(Data shown begins)
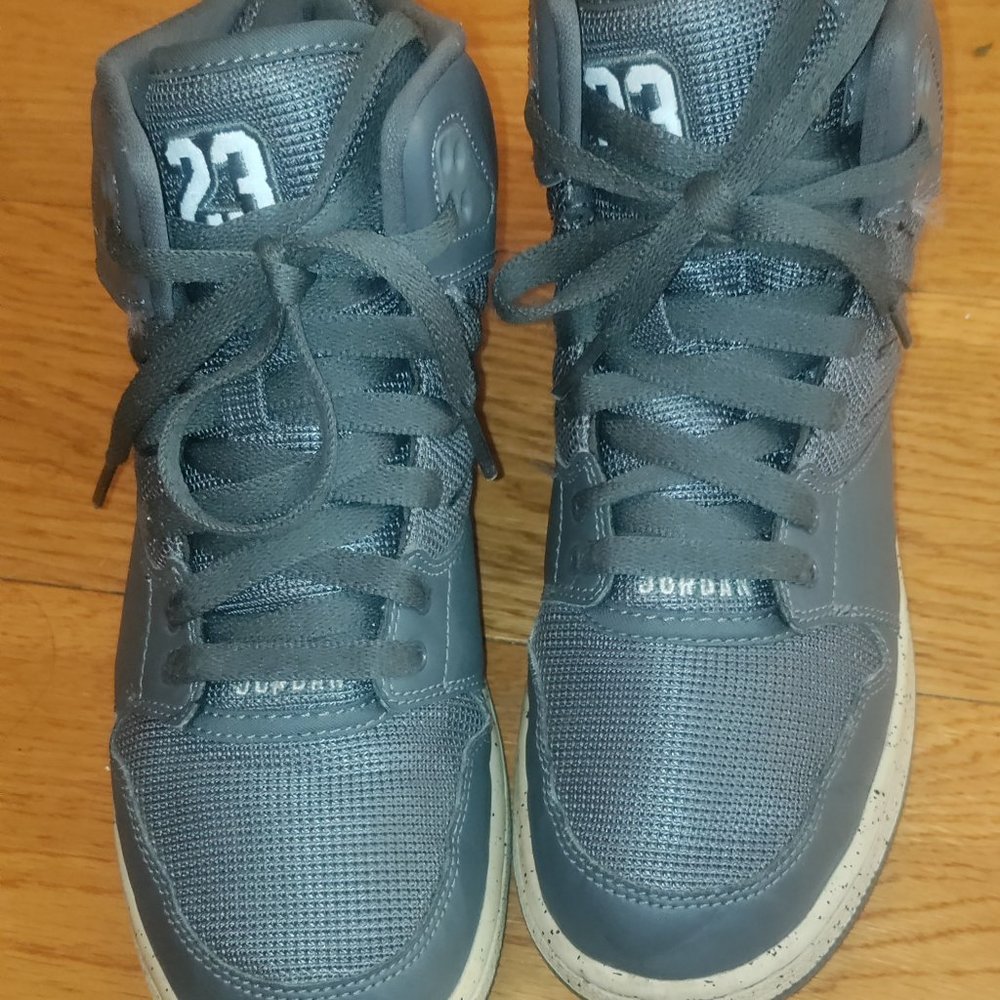 Nike Air Jordan 1 Flight 4 Premium Gray Youth Lace Up Retro Sneakers Size 6.5Y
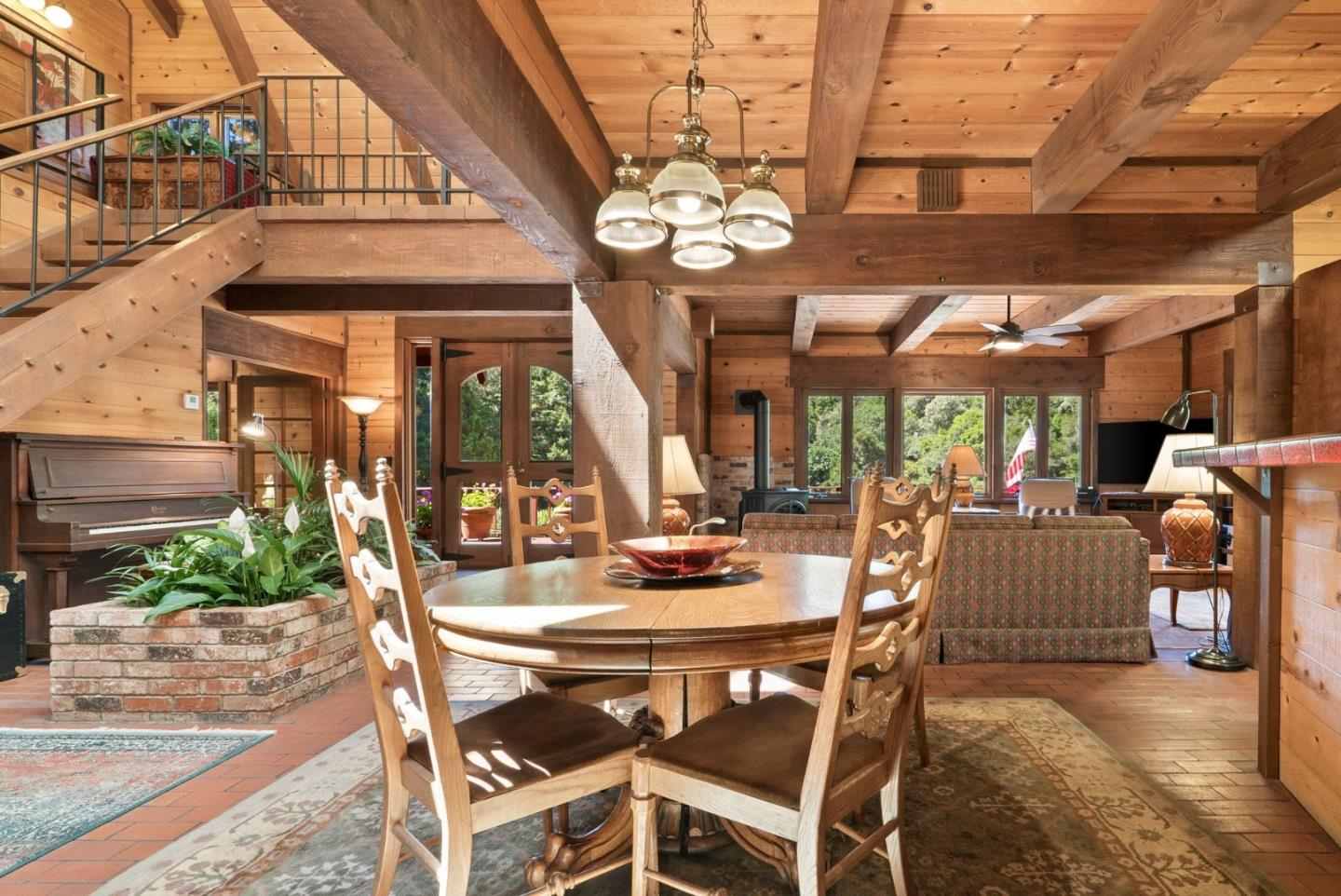 2800 Lockhart Gulch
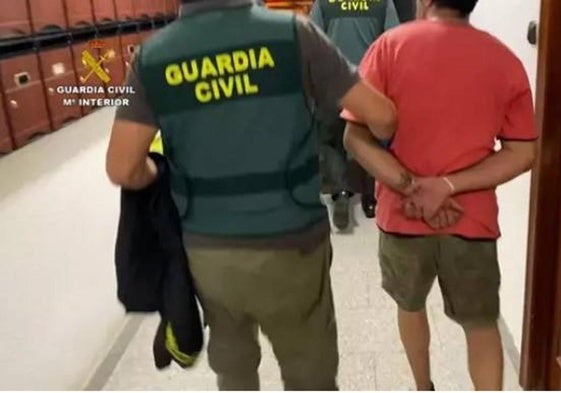 La Guardia Civil traslada a Rubén A.S., condenado por el crimen de 'La Fiestuki'.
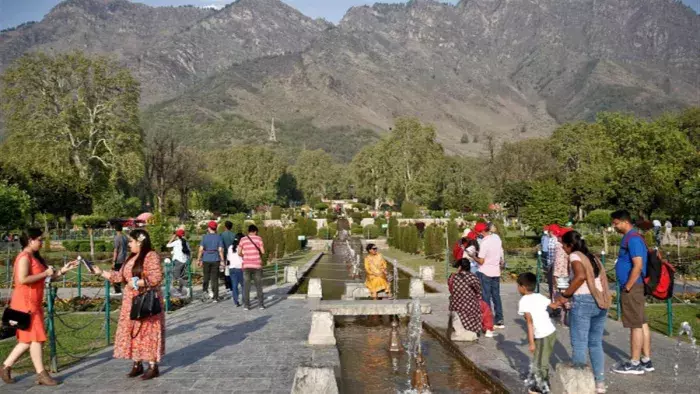 Srinagar: कश्मीर टूरिज्म ने बनाया रिकॉर्ड, दो साल में 4 करोड़ विजिटर्स Srinagar: कश्मीर टूरिज्म ने बनाया रिकॉर्ड, दो साल में 4 करोड़ विजिटर्स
(Data shown ends)
Exercise description:
Give the data again exactly as written, with no pictures included.

Result of the task:
 Nike Air Jordan 1 Flight 4 Premium Gray Youth Lace Up Retro Sneakers Size 6.5Y
 2800 Lockhart Gulch
 La Guardia Civil traslada a Rubén A.S., condenado por el crimen de 'La Fiestuki'.
 Srinagar: कश्मीर टूरिज्म ने बनाया रिकॉर्ड, दो साल में 4 करोड़ विजिटर्स Srinagar: कश्मीर टूरिज्म ने बनाया रिकॉर्ड, दो साल में 4 करोड़ विजिटर्स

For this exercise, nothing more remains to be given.